The Bourgeoisie also attacked it; they also attacked privileges of the Nobility

- For centuries the Bourgeoisie had accepted a position of social inferiority to the nobility.
- Due to the increasing monopoly that the nobility were holding on privileges and the Bourgeoisie’s own improving conditions this caused many Bourgeoisie to despise the aristocracy.
- They also despised the absolutism of the monarchy.
- They had been the most influenced by the Disposition of mind.

The peasants were attracted to the ideas of the Bourgeoisie

- The ideas attracted the peasants for two man reasons:
--> Firstly they related to peasant grievances
--> Secondly the Bourgeoisie was really the only class that the peasants associated with.
- The peasants saw the idea of tax reform and equality as the way to the abolition of the seigneurial system, which was their main grievance.

The Character of King Louis XVI

- He preferred personal interests to court interests.
- Often this bored him and he left his work up to his advisers and ministers.
- Or even worse he would make hasty decisions that would cause even worse consequences in France.
- He was influenced and often embarrasses by his pleasure loving wife, Marie Antoinette
- She held great power over Louis.
- Often she stood in the way of his proposed reforms by talking him out of it.
- It was well known that she had talked him into firing Turgot, who may have been able to prevent the revolution through his economic reforms.
- She was also hated by a lot of the population due to her foreign birth.
- This did not help her later when she was executed.
- Her pleasure loving also talked Louis into spending extravagant amounts on the court and her.
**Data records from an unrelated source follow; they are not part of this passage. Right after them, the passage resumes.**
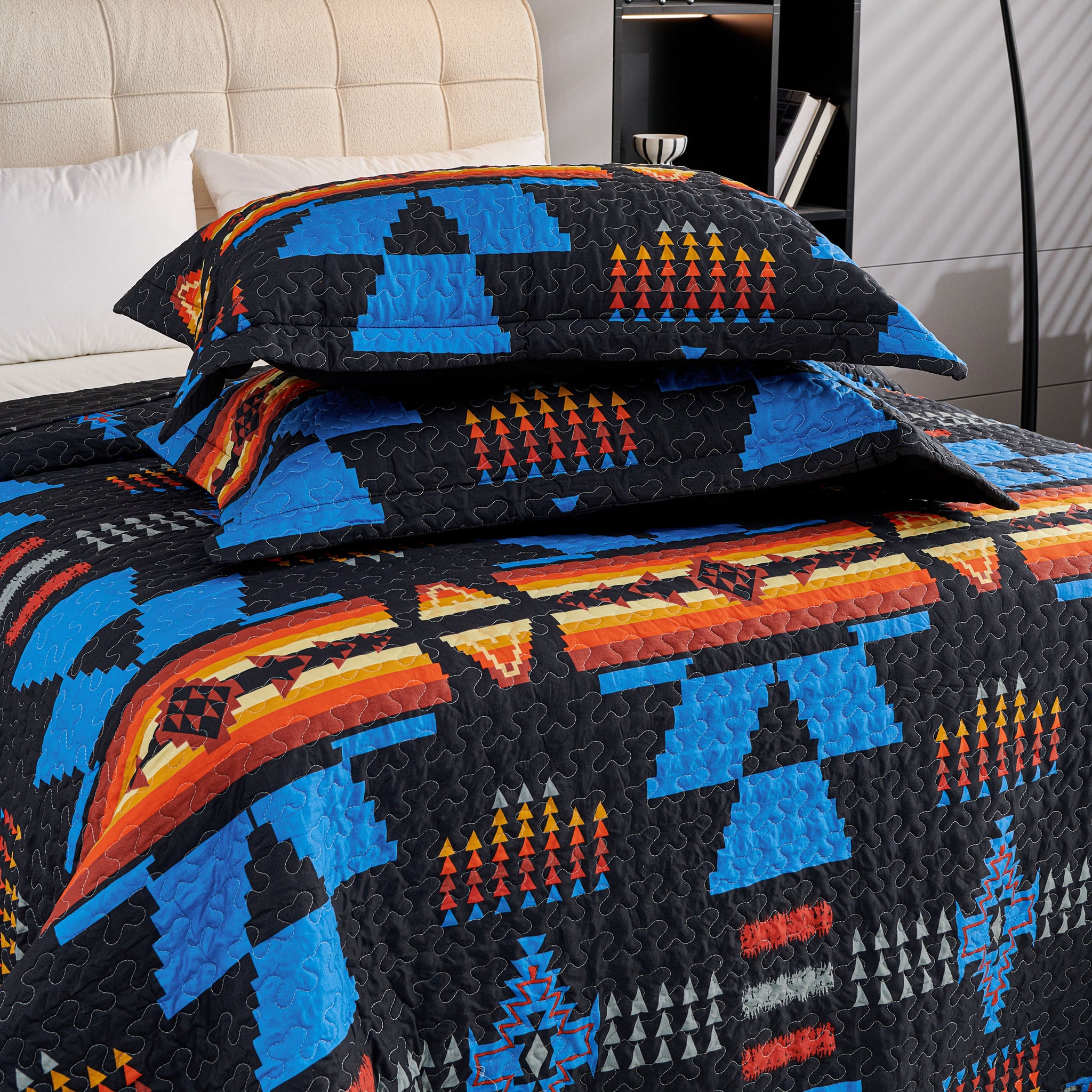 3 Pcs Boho Colorful Polyester Quilt Set, Geometry Printed Bedspread Coverlet Set with 2 Pillowcases,Soft Bohemian Bedding Set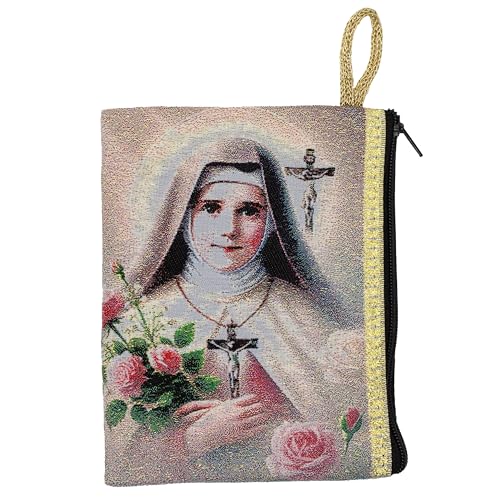 Religiöser Rosenkranzbeutel mit gewebter Kunst im Wandteppich-Stil, St. Michael, Heilige Familie oder St. Therese, Reißverschluss, katholisches Geschenk zur Erstkommunion oder Konfirmation, Mehrfarbig Religiöser Rosenkranzbeutel mit gewebter Kunst im Wandteppich-Stil, St. Michael, Heilige Familie oder St. Therese, Reißverschluss, katholisches Geschenk zur Erstkommunion oder Konfirmation, Mehrfarbig von VILLAGE GIFT IMPORTERS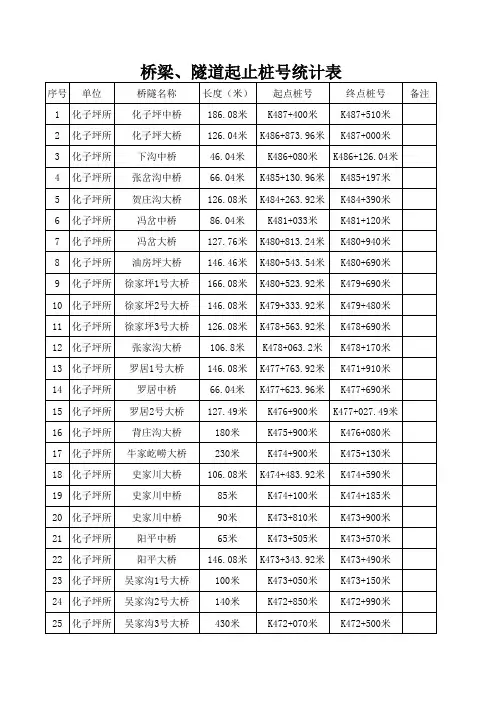 桥隧桩号统计表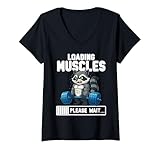 Photo Gallery donna caricamento muscoli raccoon sollevamento pesi divertente palestra meme maglietta con collo a v Photo Gallery donna caricamento muscoli raccoon sollevamento pesi divertente palestra meme maglietta con collo a v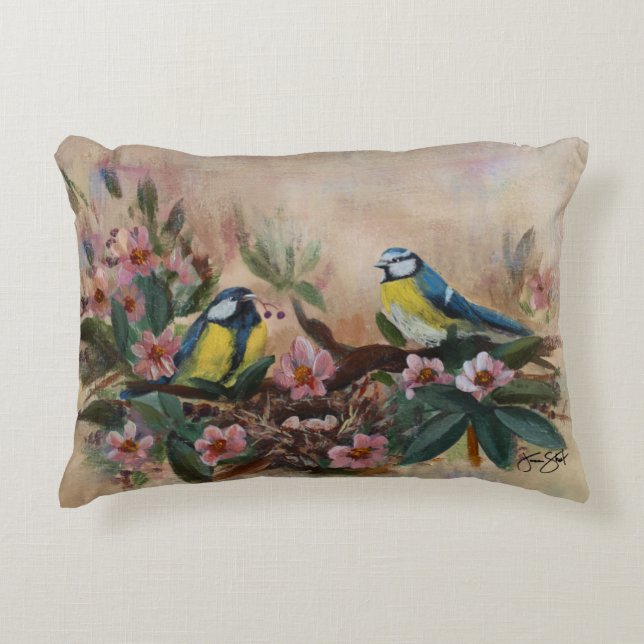 "Mothers Day Birds" Accent Pillow Prydnadskudde (Framsidan)
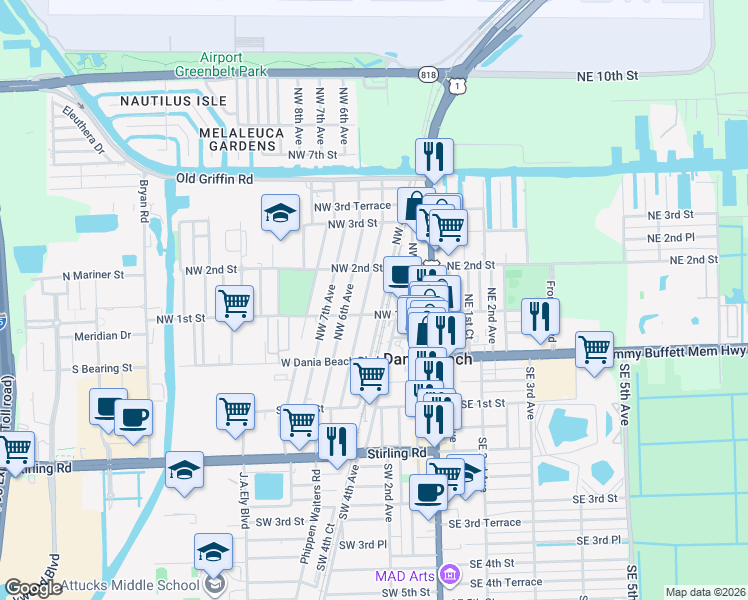 map of restaurants, bars, coffee shops, grocery stores, and more near 126 Northwest 5th Avenue in Dania Beach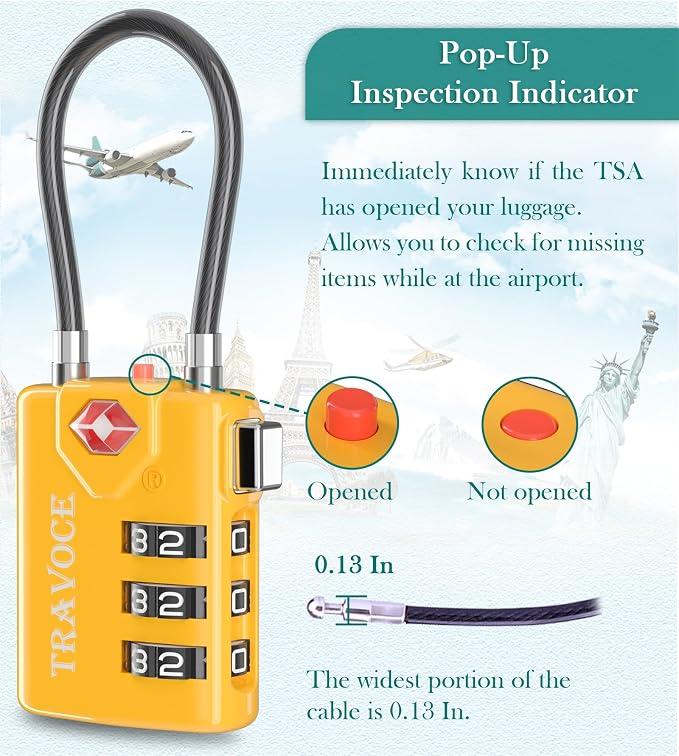 TSA Approved Luggage Locks, Combination Cable Locks, 4 Pack, Yellow | Search Alert shows TSA key access; resettable 3-digit code and flexible braided steel cable for suitcases and backpacks. - Image 6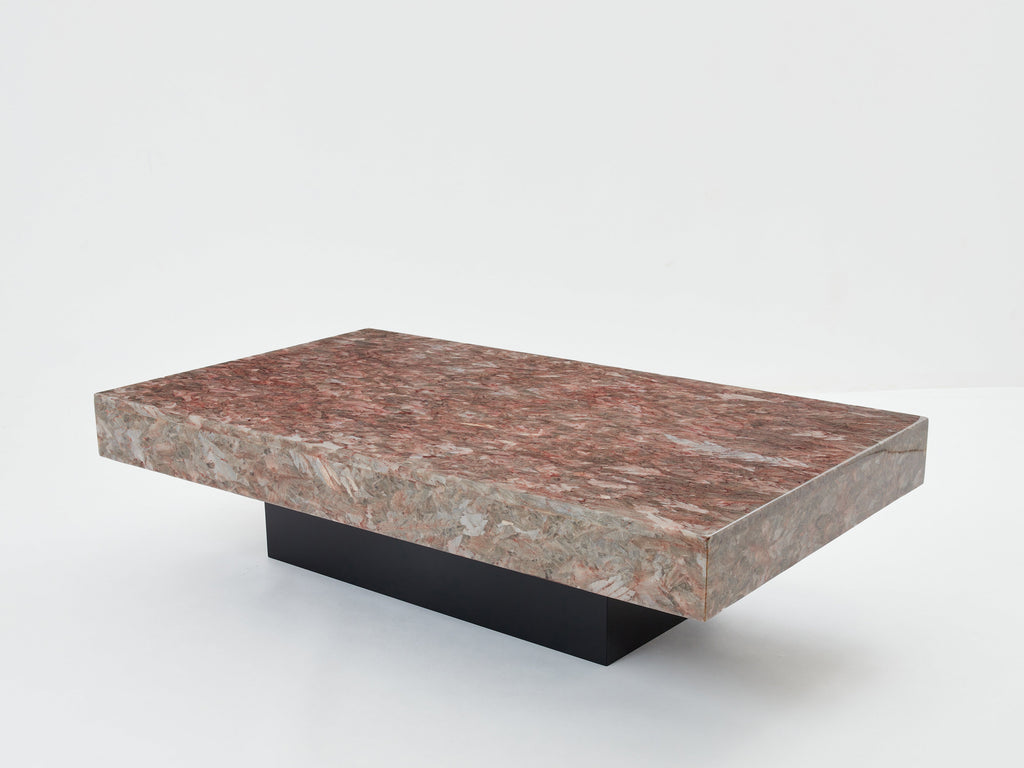 Italian rose crystalline alabaster coffee table late 1970s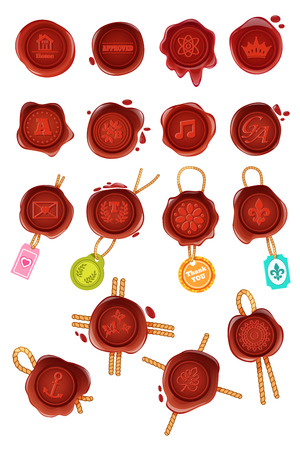 Set retro and vintage red wax seals stamps, with logos, icons, pictograms. Stamp wax for documents, letters, envelopes, certification protection, warranty and quality mark. Vector illustration.のイラスト素材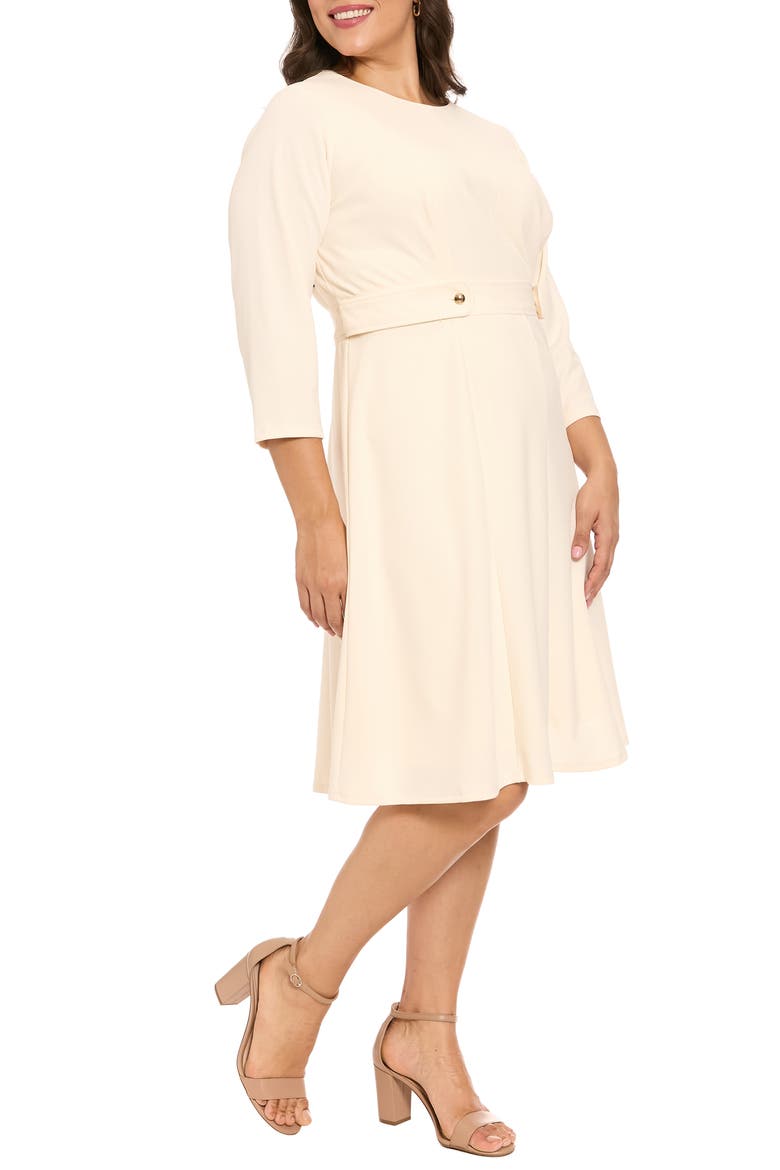 Seamed Side Tab Midi Dress, Alternate, color, SUGAR IVORY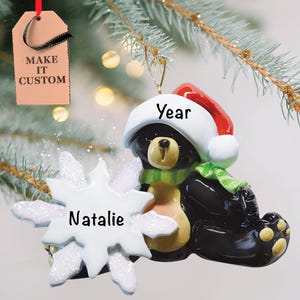 Personalized Black Bear Ornament for Christmas Tree • Custom Little Bear Presents • Perfect Holiday Gift Idea • Animal Ornaments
He was incapable of strong decisive action

- Louis XVI should have been capable of overcoming his problems with the Aristocracy.
- His powerful position should have allowed him to force tax reform onto the nobility.
- He also should never have allowed himself to call the Estates-General.
- Instead he should have introduced mild reforms to gains the support of the public again.
- Then he could do, as he wanted.
- If he had of been a stronger person, he also would not have been as easily influenced by the nobility, his advisers or his wife.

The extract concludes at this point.